I was fortunate to live along the Pacific Surfliner during the AGR 1.0 days (still very fortunate to live in the exact same place in San Diego, but not relevant here). As such was able to qualify for the Select Executive (SE) tier two consecutive years. After the transition to AGR 2.0, as the cool kids call it, personal ridership plummeted and was barely able to qualify for the Select tier. The new year membership packet arrived in US mail earlier in the week. My membership was dropped one level to Select Executive (SE).

The "soft landing" is indeed still part of the plan.

--Bill


----------



## jis (Feb 23, 2017)

wdscott said:


> ...... My membership *was dropped one level to Select Executive (SE)*.
> 
> The "soft landing" is indeed still part of the plan.
> 
> --Bill


You surely mean it was dropped from Select Executive to Select Plus, Right?


----------



## wdscott (Feb 23, 2017)

jis said:


> wdscott said:
> 
> 
> > ...... My membership *was dropped one level to Select Executive (SE)*.
> ...


Absolutely! That was quite a goof!

--Bill


----------



## seat38a (Jun 24, 2017)

I never got a select package after my soft downgrade. Am I supposed to get one or is there nothing for soft downgrades?


----------



## wdscott (Jun 24, 2017)

I did get a package for a soft downgrade to Select Plus. That answers your question directly as it wasn't tier specific.

Looks like we need someone to chime in that went from Select Plus to Select to get a more full picture.


----------



## gatelouse (Mar 1, 2018)

...and the soft landing remains intact for 2018. Went from Select Plus to Select, despite earning under 1000 TQPs.


----------



## TinCan782 (Mar 1, 2018)

I just started my second year at Select Plus expiring 2/28/19. I do not anticipate being able to maintain this tier so, if I'm reading this thread correctly, I can expect to be "soft downgraded" to Select after next February, correct?


----------



## wdscott (Mar 2, 2018)

FrensicPic said:


> I just started my second year at Select Plus expiring 2/28/19. I do not anticipate being able to maintain this tier so, if I'm reading this thread correctly, I can expect to be "soft downgraded" to Select after next February, correct?

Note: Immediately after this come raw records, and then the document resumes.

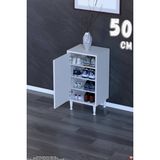 modilayn Bulut Ayakkabılık - Kapaklı 3 Raf 4 Bölmeli Dar Alanlar Için Çok Amaçlı Dolap - Beyaz - 50 cm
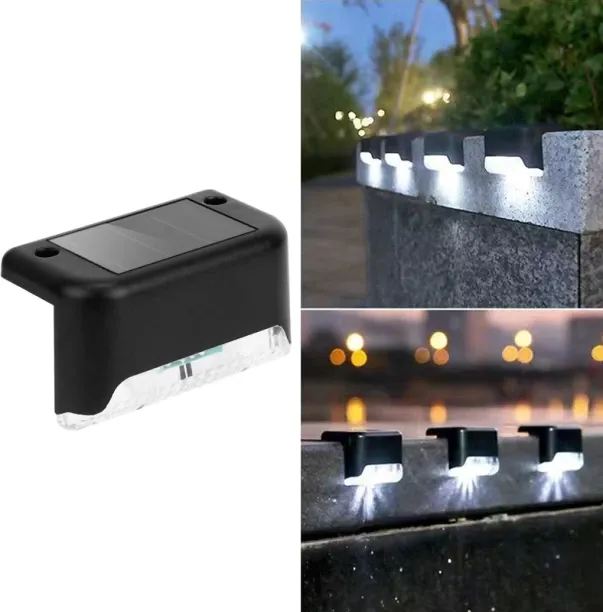 MAX (1pc-White Light)LED Solar Step Lamp Path Stair Outdoor Wall light Garden Lights Balcony Light …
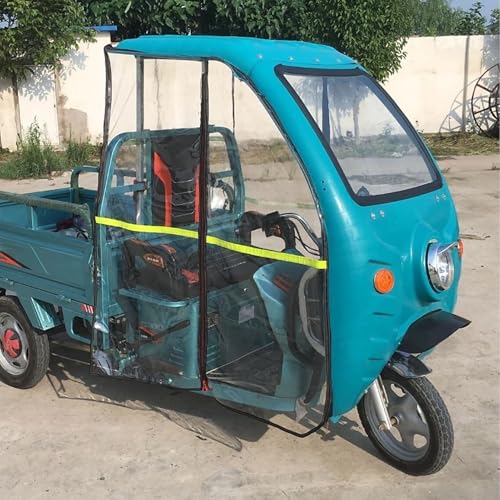 All-Season Waterproof Electric Tricycle Canopy with Reflective Strips & Side Curtains - Fully Enclosed 3-Wheel Cargo Trike Cover (Teal)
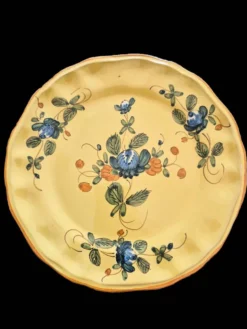 Série de 10 assiettes à dessert vintage Martres-Tolosane Décor Rose Bleue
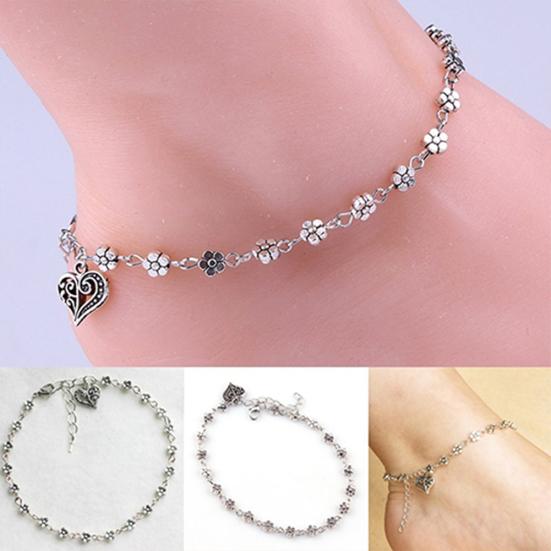 Kvinnors Retro hjärta Blommor Barfota Sandal Beach Anklet Chain Foot Smycken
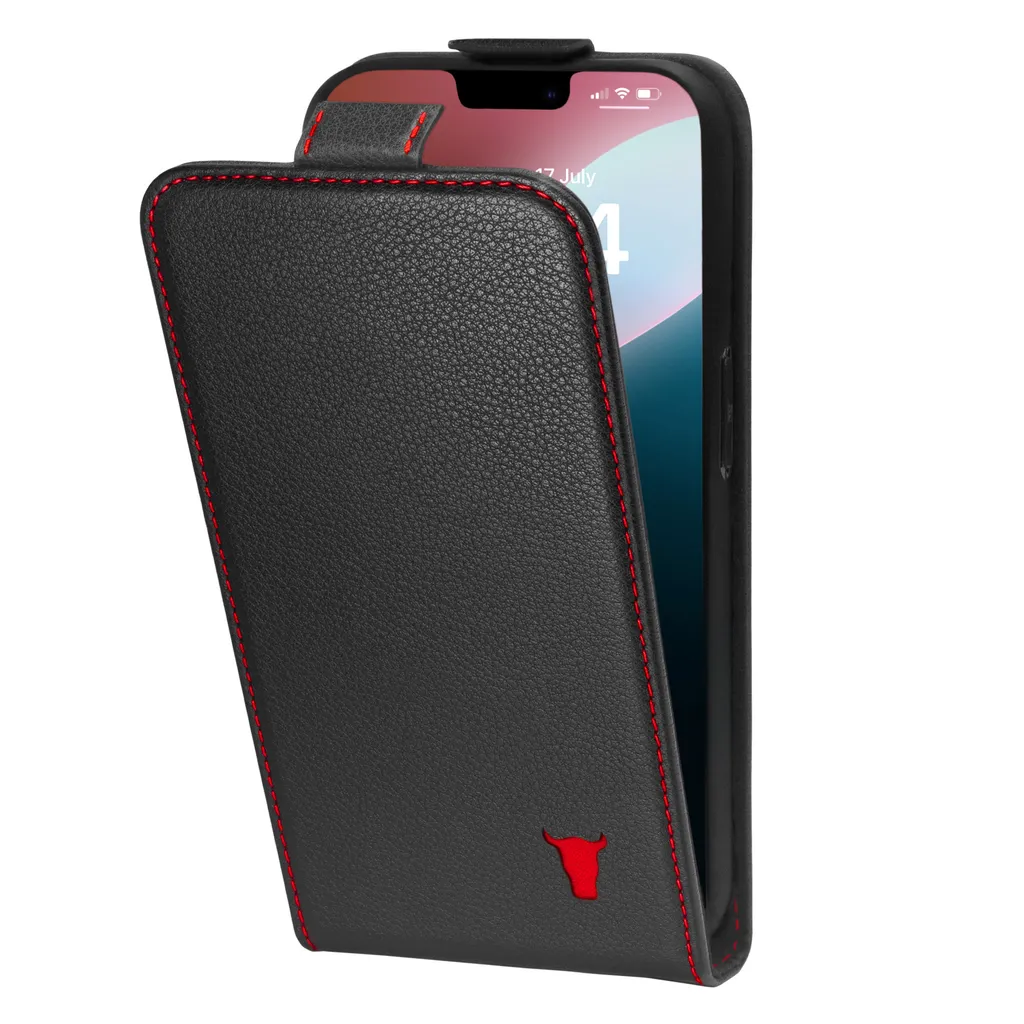 Custodia Flip in pelle per iPhone 16e di TORRO - Nero con dettagli rossi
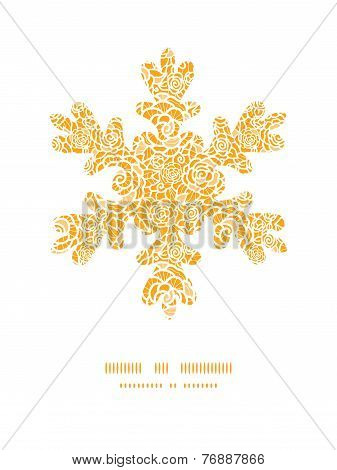 Vector golden lace roses Christmas snowflake silhouette pattern frame card template
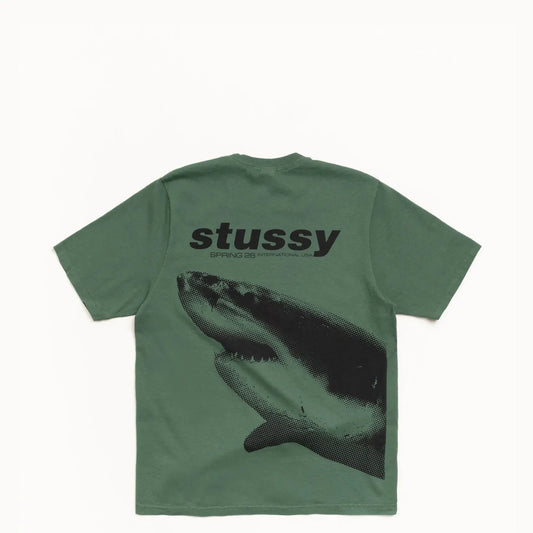 Stussy Shark Pigment Dyed Tee, pine - Tiki Room Skateboards - 1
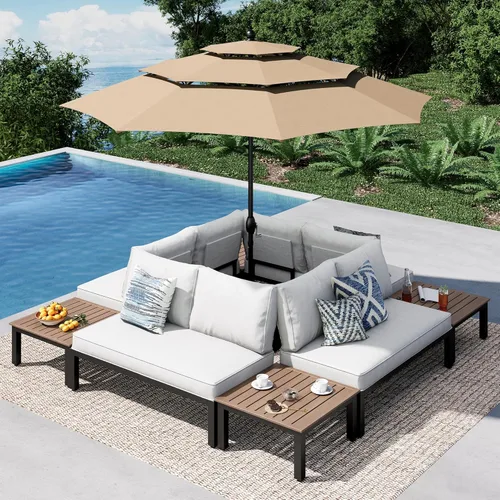 Vista 10 de PHI VILLA Juego de sofá de 2 asientos al aire libre para patio, sofá biplaza de metal para bistro, patio trasero, jardín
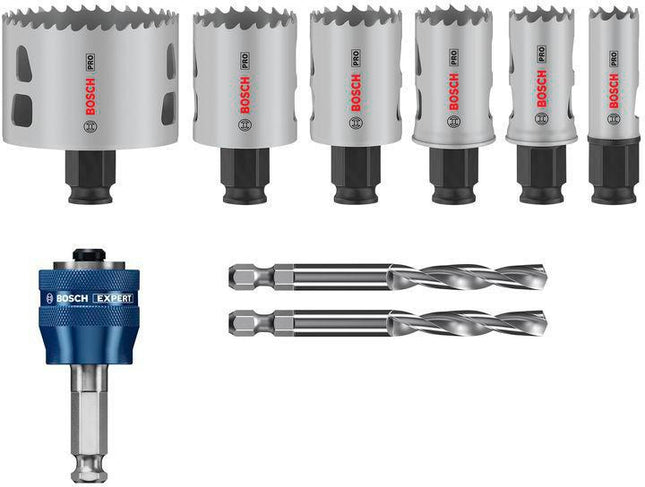 9-teilig BOSCH Lochsägen-Set PRO Multi Material PC Plus (19 25 30 35 40 68 mm) – HSS-Metall 8 % Kobalt Schnitttiefe 44
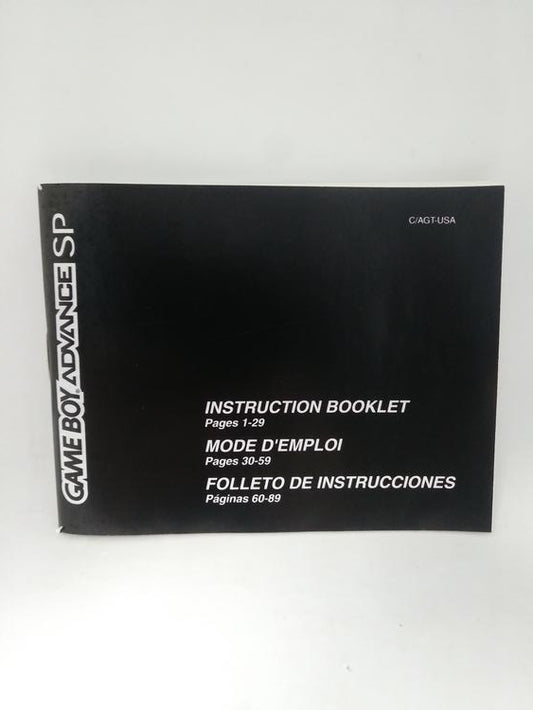 GBA GAME BOY ADVANCE SP INSTRUCTION BOOKLET TRILINGUAL (usagé)
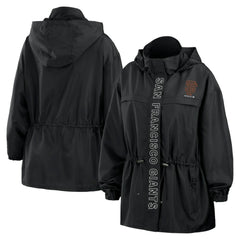 San Francisco Giants WEAR by Erin Andrews Women's Full-Zip Windbreaker Hoodie Jacket - Black - MLB Sale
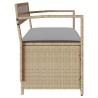 Banc de rangement de jardin avec coussin beige résine tressée 649290649290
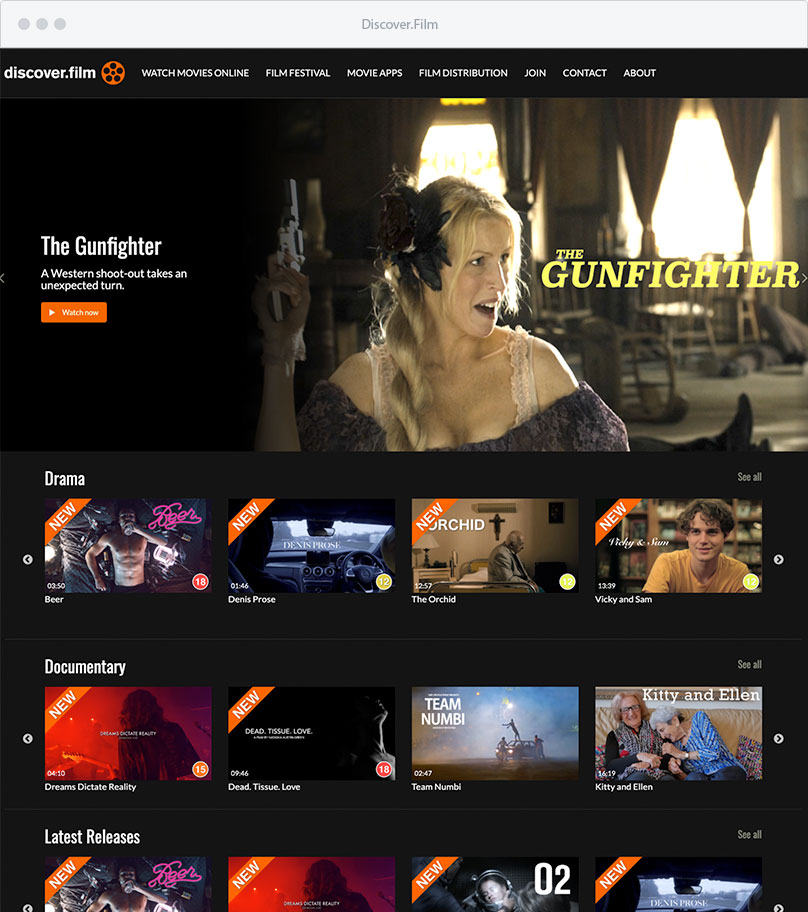 screenshot of discover.film website homepage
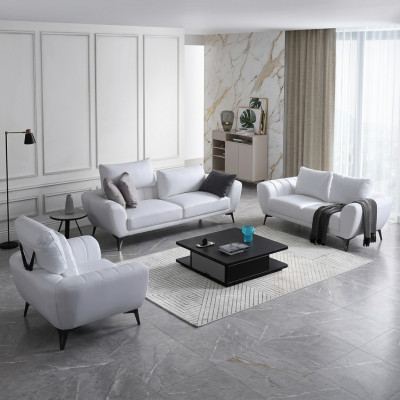 Canapé en cuir Canapé Paysage de vie 3+2 places Suite Design Canapé moderne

Yes. Just noticed a second consecutive “soft landing” of my account.

Sent from my iPhone using Amtrak Forum


----------



## Steve4031 (Mar 7, 2018)

It would be nice if I got what I earned. My select plus packet for 2018. My agr membership card has expired.

Sent from my iPhone using Amtrak Forum


----------



## TinCan782 (Mar 7, 2018)

Steve4031 said:


> It would be nice if I got what I earned. My select plus packet for 2018. My agr membership card has expired.
> 
> Sent from my iPhone using Amtrak Forum


Never got an "AGR membership card" so, I don't think the AGR membership itself expires. Tier level (Select, Select Plus, etc.) cards do expire but, that is not for AGR membership in general


----------



## Steve4031 (Mar 7, 2018)

FrensicPic said:


> Steve4031 said:
> 
> 
> > It would be nice if I got what I earned. My select plus packet for 2018. My agr membership card has expired.
> ...


I’ve gotten a card every year. It expires at the end of February.

Sent from my iPhone using Amtrak Forum


----------



## TinCan782 (Mar 7, 2018)

Steve4031 said:


> FrensicPic said:
> 
> 
> > Steve4031 said:
> ...


To clarify, I receive Select cards which expire at the end of February. I have never received a card for simply being an AGR member which is what it sounded like Steve4031 was referring to.


----------



## Acela150 (Mar 7, 2018)

Steve4031 said:


> FrensicPic said:
> 
> 
> > Steve4031 said:
> ...


The only way you receive a card every year is if you make Tier Status. Other then that you don't receive a card.

I was also soft landed this year. I had Select Plus for 2017 and was awarded select for the year. I only took one trip throughout the entire year. That was in December. I received my packet in the mail I believe on Monday.


----------



## JRR (Mar 7, 2018)

That explains why I didn’t get a card until this March as select.

Sent from my iPhone using Amtrak Forum


----------



## Steve4031 (Mar 7, 2018)

Made tier status.

Sent from my iPhone using Amtrak Forum


----------



## StanJazz (Mar 7, 2018)

FrensicPic said he never got a membership card. At least 10 years ago AGR used to send out regular cards.

Here is mine. it is at least 10 years old. It is thick plastic like a credit card with a magnetic stripe. They may not still send them out. It could be used at a Quik-Trak.


----------



## TinCan782 (Mar 7, 2018)

StanJazz said:


> FrensicPic said he never got a membership card. At least 10 years ago AGR used to send out regular cards.
> 
> Here is mine. it is at least 10 years old. It is thick plastic like a credit card with a magnetic stripe. They may not still send them out. It could be used at a Quik-Trak.


Yep, never seen such a card. Been a member for 8 or more years.


----------



## RichieRich (Mar 7, 2018)

Got the Select Plus card for another year. I only ride one train = AT. But...almost monthly. So most of the benefits like "upgrades (it has none) and coupons (not good on the AT), anything Acela-related (means nothing on the AT), United Club (not with AT)...are all irrelevant! All its really good for is Reward Points for free trips.I guess the biggest (only) benefit is having that phone number to call with the Select Plus status to get better Agent service!


----------



## Acela150 (Mar 9, 2018)

If you don’t use those coupons. You can offer them to anyone. You can not charge for them. Many AU members will give away their unused coupons towards the end of the AGR year.

Sent from my iPhone using Amtrak Forum


----------